# colloidal oatmeal percent in soap



## Soapman Ryan (Aug 13, 2013)

I've read good things about adding colloidal oatmeal in soap. I'd like to add it to my face soap, but didn't want to feel any scratchiness. I've searched and couldn't find anything about percents. WSP percents vary from 1-10%. Could anyone give me a good starting point on what percent I should use in a face soap?


----------



## heartsong (Aug 14, 2013)

I use a coffee grinder to turn the slow cooking oats to powder & sift thru kitchen wire sieve...you can also buy thru WSP and other vendors...I use 1 tbsp. ppo...you can either add to water before adding lye or add at thin trace...I've found that adding more makes soap kinda slimey...I also add honey or sugar to the water before adding lye to increase bubbles...2-3 tsps.


----------



## Soapman Ryan (Aug 14, 2013)

heartsong said:


> I use a coffee grinder to turn the slow cooking oats to powder & sift thru kitchen wire sieve...you can also buy thru WSP and other vendors...I use 1 tbsp. ppo...you can either add to water before adding lye or add at thin trace...I've found that adding more makes soap kinda slimey...I also add honey or sugar to the water before adding lye to increase bubbles...2-3 tsps.

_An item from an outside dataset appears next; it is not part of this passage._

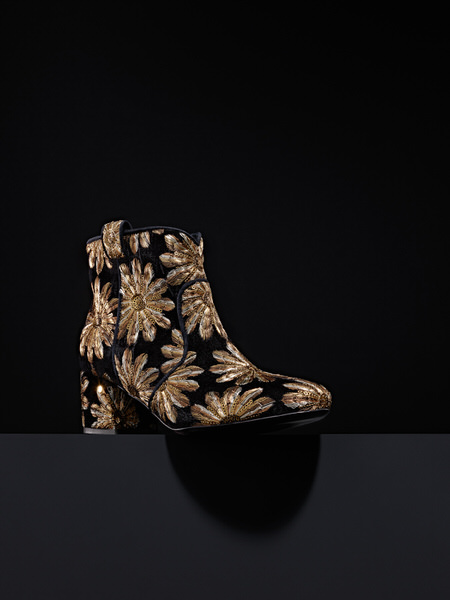 Photograph Robert Tardio Gold Stitch Bootie on One Eyeland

Thank you for letting me know it will turn the soap slimy if too much is used.:smile:


----------



## heartsong (Aug 14, 2013)

when making a body bar, 1 use 1 level tbsp. oat flour & 1 tbsp. rough ground oats...people seem to expect seeing some oat flakes in their bars...plus it looks pretty when you sprinkle whole oat flakes on top of your soap log after you pour.


----------



## Obsidian (Aug 14, 2013)

Could you soak the oats and just use the water instead of putting the solids in the soap?


----------



## heartsong (Aug 14, 2013)

Obsidian said:


> Could you soak the oats and just use the water instead of putting the solids in the soap?


 
I don't see why not...there'll just be less oat starch, but you could soak in warm water then pour them thru a fine sieve to catch most of the oat solids...it just seem like more work?


----------



## Obsidian (Aug 14, 2013)

You put the oats in a nylon and soak them for awhile then knead/squeeze all the goo out. It can be pretty thick if you only use a little water. I use this diluted as a rinse for my hedgehog when she is quilling.


----------



## heartsong (Aug 14, 2013)

Obsidian said:


> You put the oats in a nylon and soak them for awhile then knead/squeeze all the goo out. It can be pretty thick if you only use a little water. I use this diluted as a rinse for my hedgehog when she is quilling.


 
Ooooooh!  i'd love to see a pic of your hedgy! we need to start a thread where we can post pics of our "kids!"


----------